ACTIVITY » Find the line with "Lampu LED RGB" in the data below. Repeat it and every line after it up to the end, exactly, but drop the pictures.

····················

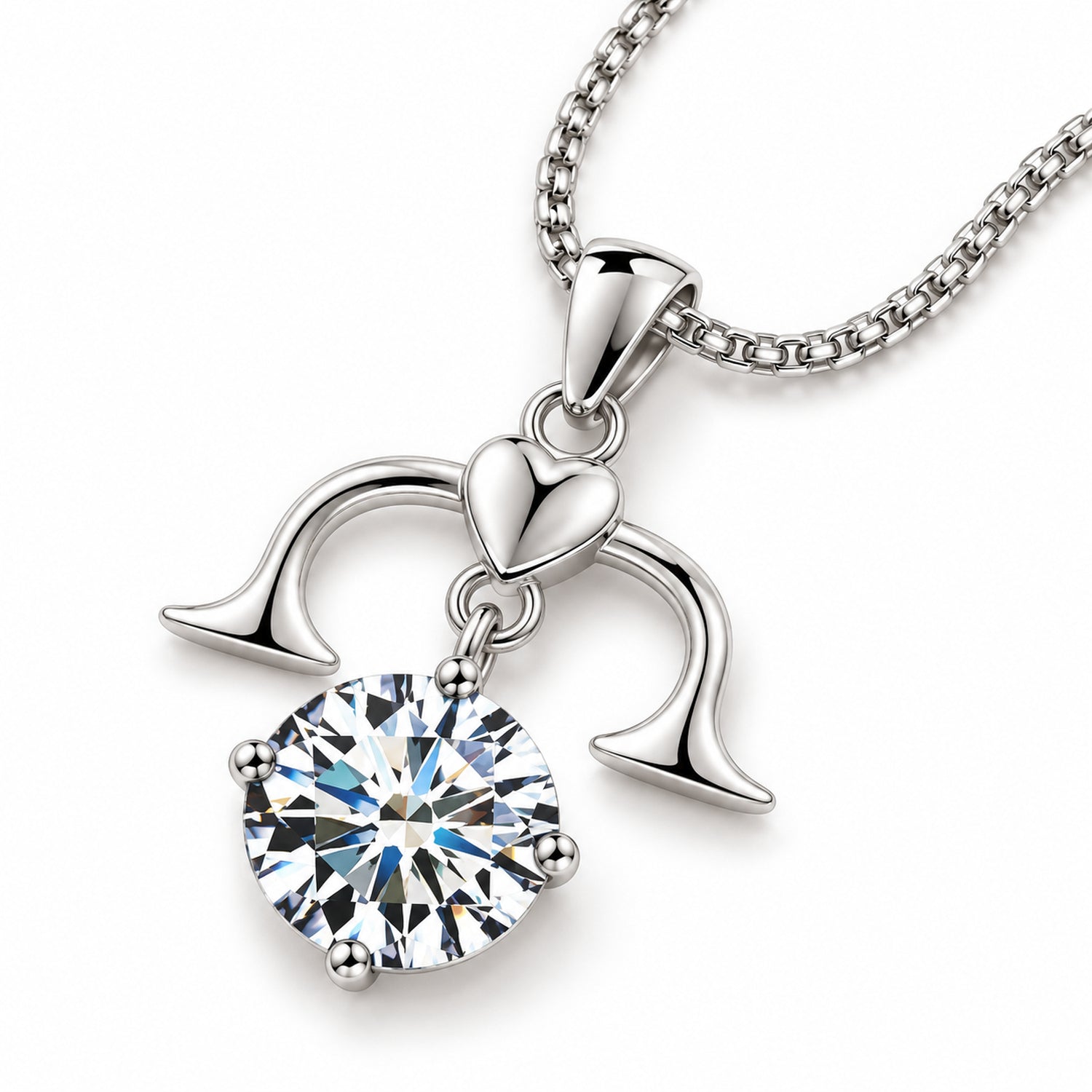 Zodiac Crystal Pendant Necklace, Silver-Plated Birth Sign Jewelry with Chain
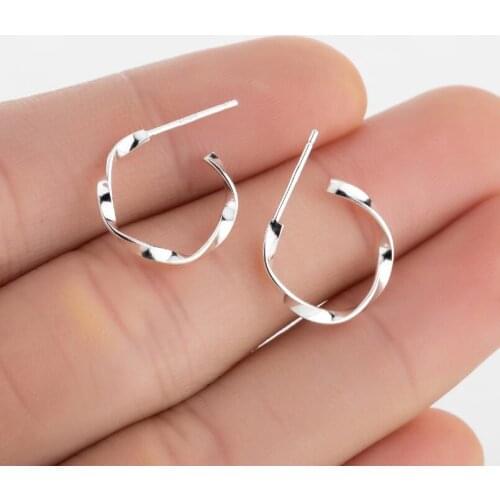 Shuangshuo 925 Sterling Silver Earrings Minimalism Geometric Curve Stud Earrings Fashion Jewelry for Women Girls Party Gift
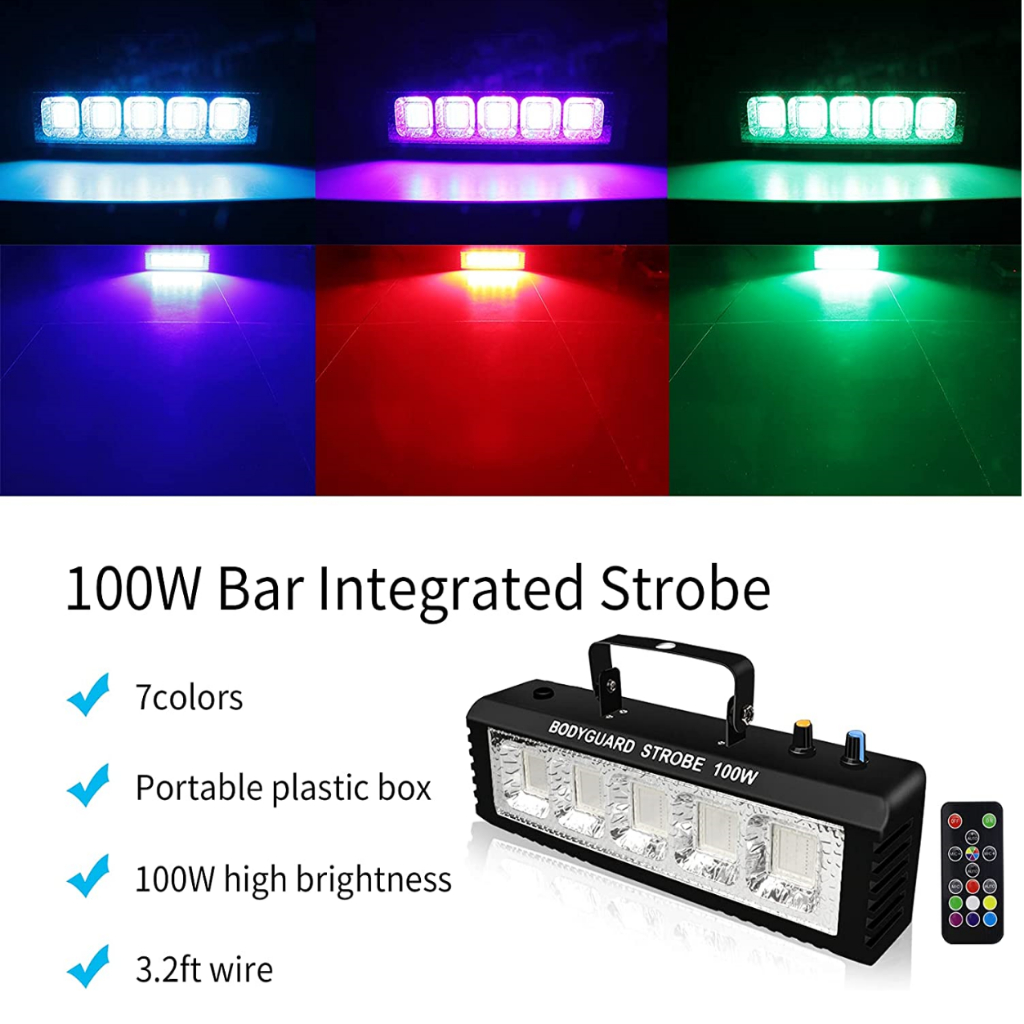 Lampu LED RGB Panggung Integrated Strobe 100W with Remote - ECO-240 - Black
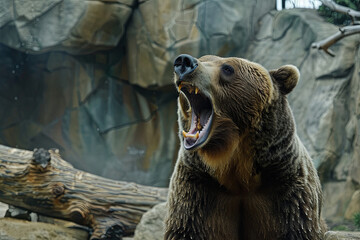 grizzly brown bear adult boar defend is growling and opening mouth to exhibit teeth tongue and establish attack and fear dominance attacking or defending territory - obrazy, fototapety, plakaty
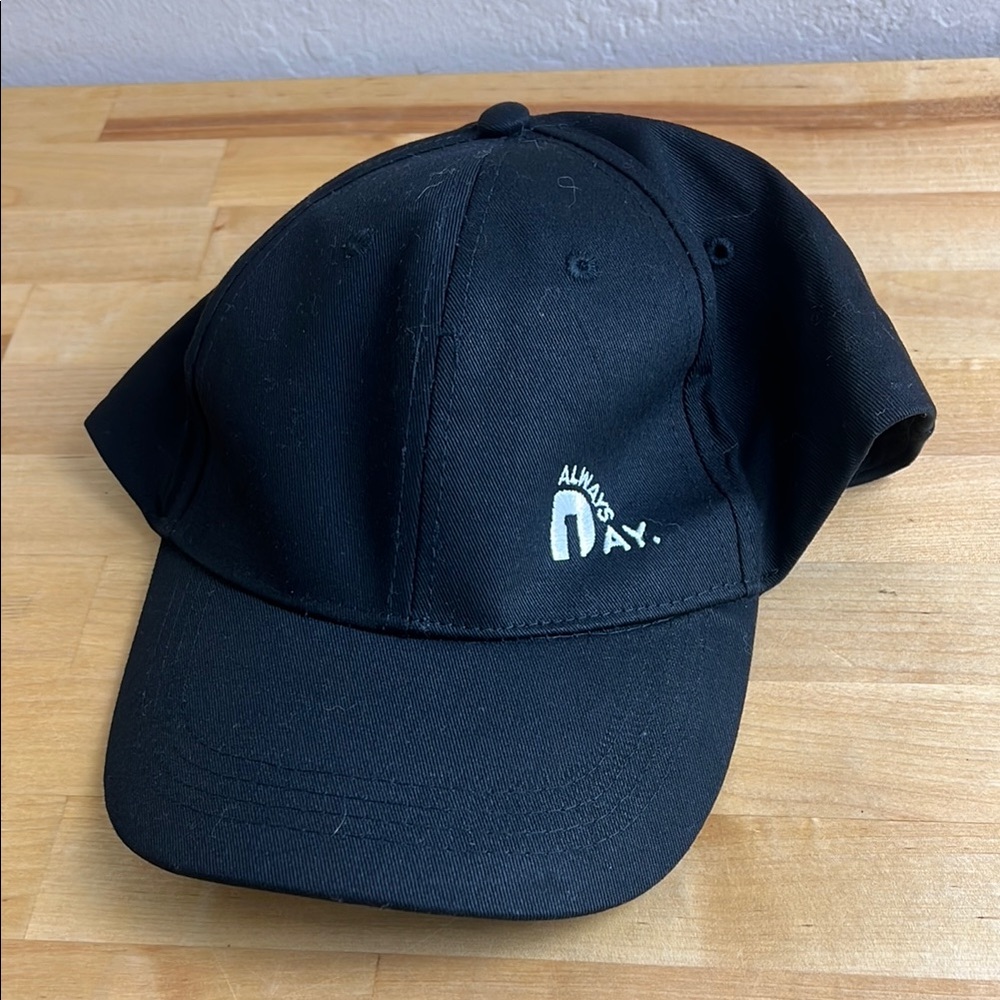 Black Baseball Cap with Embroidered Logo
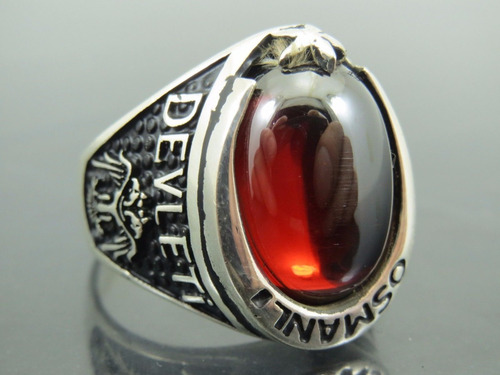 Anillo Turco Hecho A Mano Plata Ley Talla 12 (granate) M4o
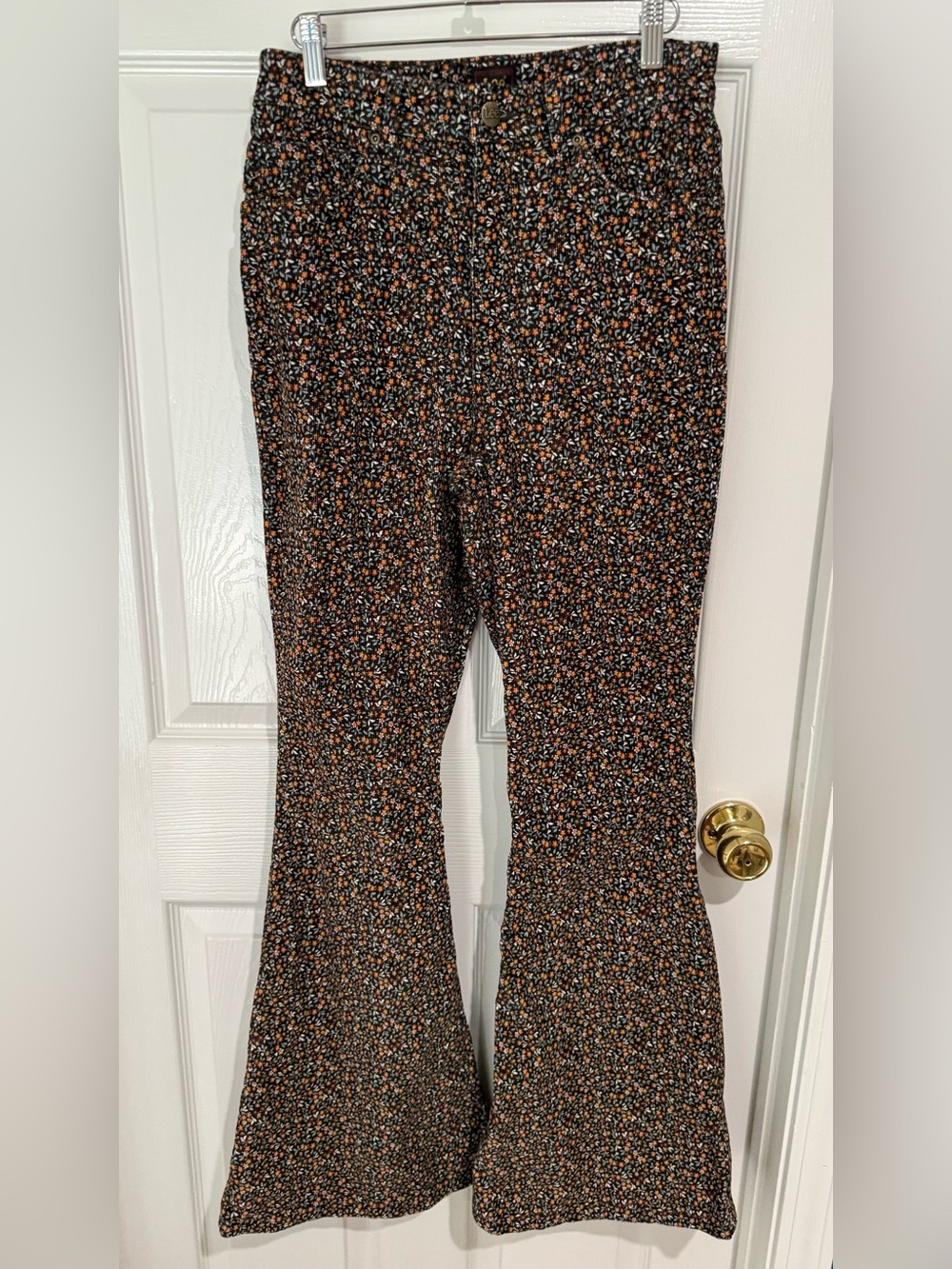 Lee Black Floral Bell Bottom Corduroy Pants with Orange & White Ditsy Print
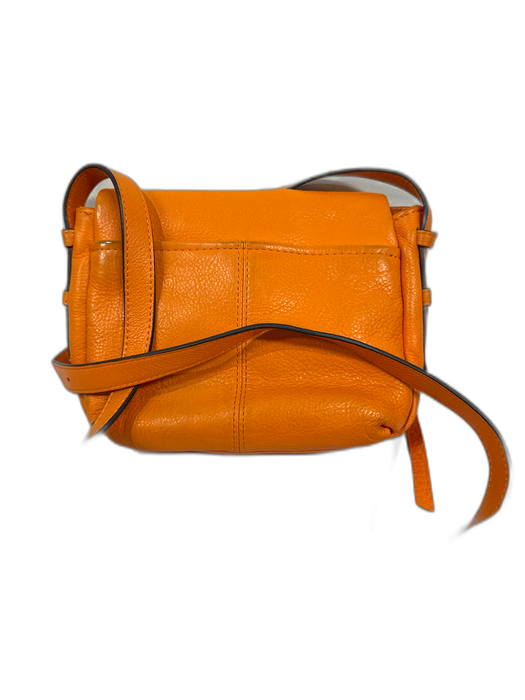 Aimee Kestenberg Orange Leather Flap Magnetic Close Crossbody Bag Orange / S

····················

SOLUTION TO THIS TASK »
 Lampu LED RGB Panggung Integrated Strobe 100W with Remote - ECO-240 - Black
 grizzly brown bear adult boar defend is growling and opening mouth to exhibit teeth tongue and establish attack and fear dominance attacking or defending territory - obrazy, fototapety, plakaty
 Black Baseball Cap with Embroidered Logo
 Anillo Turco Hecho A Mano Plata Ley Talla 12 (granate) M4o
 Lee Black Floral Bell Bottom Corduroy Pants with Orange & White Ditsy Print
 Aimee Kestenberg Orange Leather Flap Magnetic Close Crossbody Bag Orange / S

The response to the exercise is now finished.